# Husband has NO sex drive, now I have cheated!



## awake11 (Jul 5, 2011)

sorry - deleted


----------



## Syrum (Feb 22, 2011)

You need to cut contact with the other man and tell your husband.

Tell him what you need and that you afraid for the marriage. It is perfectly normal for you to want sexual intimacy with your husband, and important that you feel desired and loved. If he is not willing to do something about it then you need to decide if you want to stay married. I don't honestly think I could stay, it would break my heart too.

Ask him to go to the Dr get a physical have his testosterone checked, and go to a sex therapist plus have counseling.


----------



## awake11 (Jul 5, 2011)

sorry - deleted


----------



## BigToe (Jun 2, 2011)

An affair is not going to help matters at all. As you get more into the affair you will put less effort into your marriage. You owe it to yourself and your husband to decide upfront if no sex is enough to end the marriage. I certainly do think it IS a valid reason, but I am suggesting going behind your husbands back to satisfy your needs is not the correct approach.

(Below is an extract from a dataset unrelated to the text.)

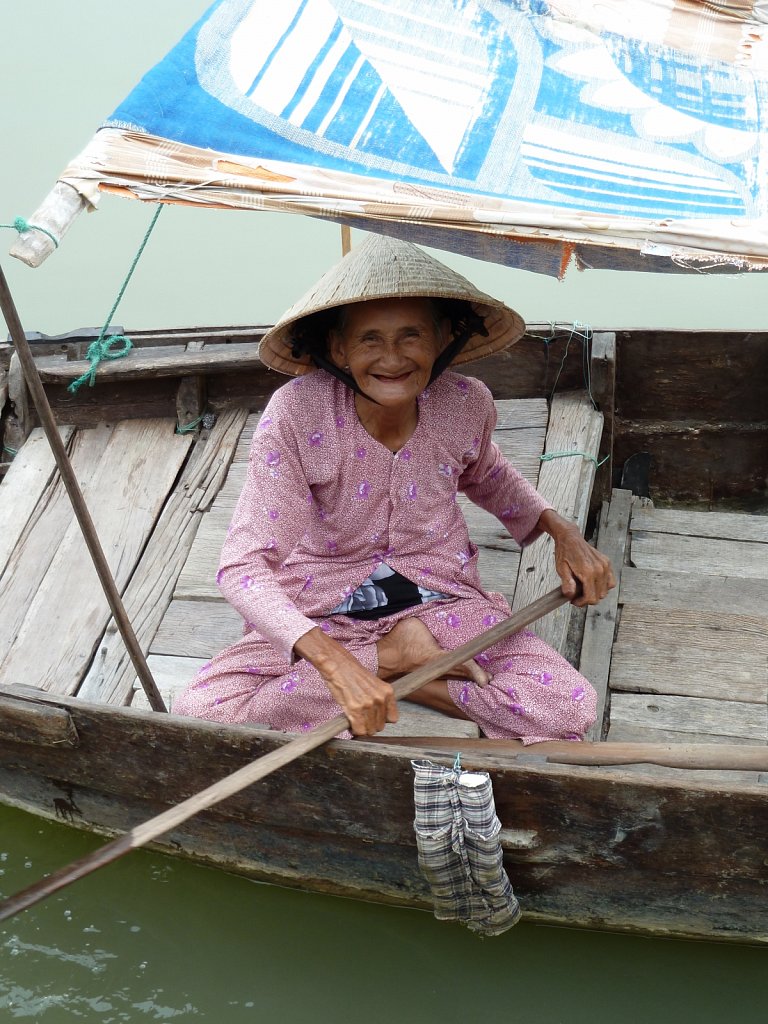 Old woman on her boat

As difficult as it might be, you need to tell your husband that his lack of desire is causing you to think it might be worth dissolving the marriage over. Give him an opportunity to correct the problem based upon that information (or ultimatum if you choose).

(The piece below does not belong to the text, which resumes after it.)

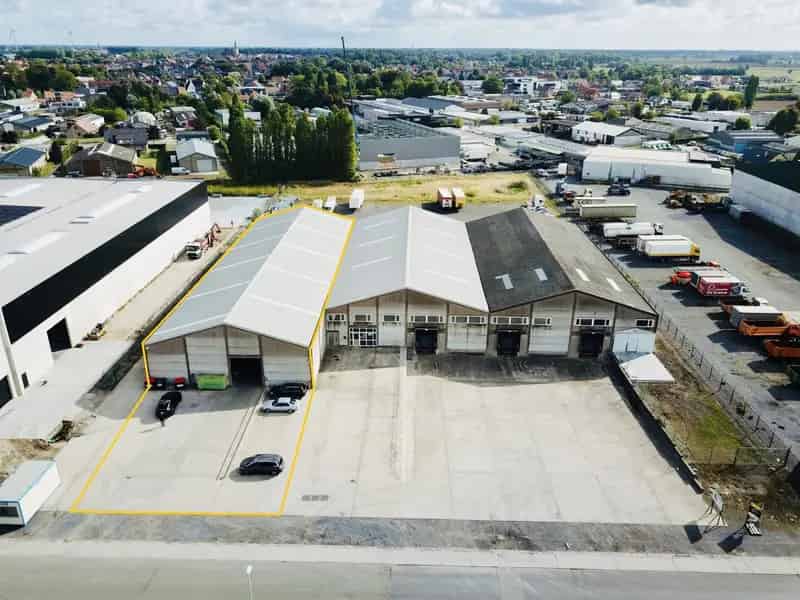 Instapklaar MAGAZIJN (1.250m²), voorzien van 3 elektrische sectionaalpoort, smeerput en verhard terrein (voor- en achterkant) op industriezone te Gistel.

Also understand that the odds are 99% this other man is saying all the things you want to hear, all the things that make your heart go pitter-pat, and all the things that make you think he cares about you because his sole goal is to get between your legs. The reality is that he has no intention of ever acting on the emotions he is feeding you and they are expressed simply as a means to get what he wants. The risk you face is that you act on your emotions, your husband finds out, and you lose both your husband and your lover. Once you become available, it is likely your lover will become unavailable. He doesn't need any single woman endangering his marriage.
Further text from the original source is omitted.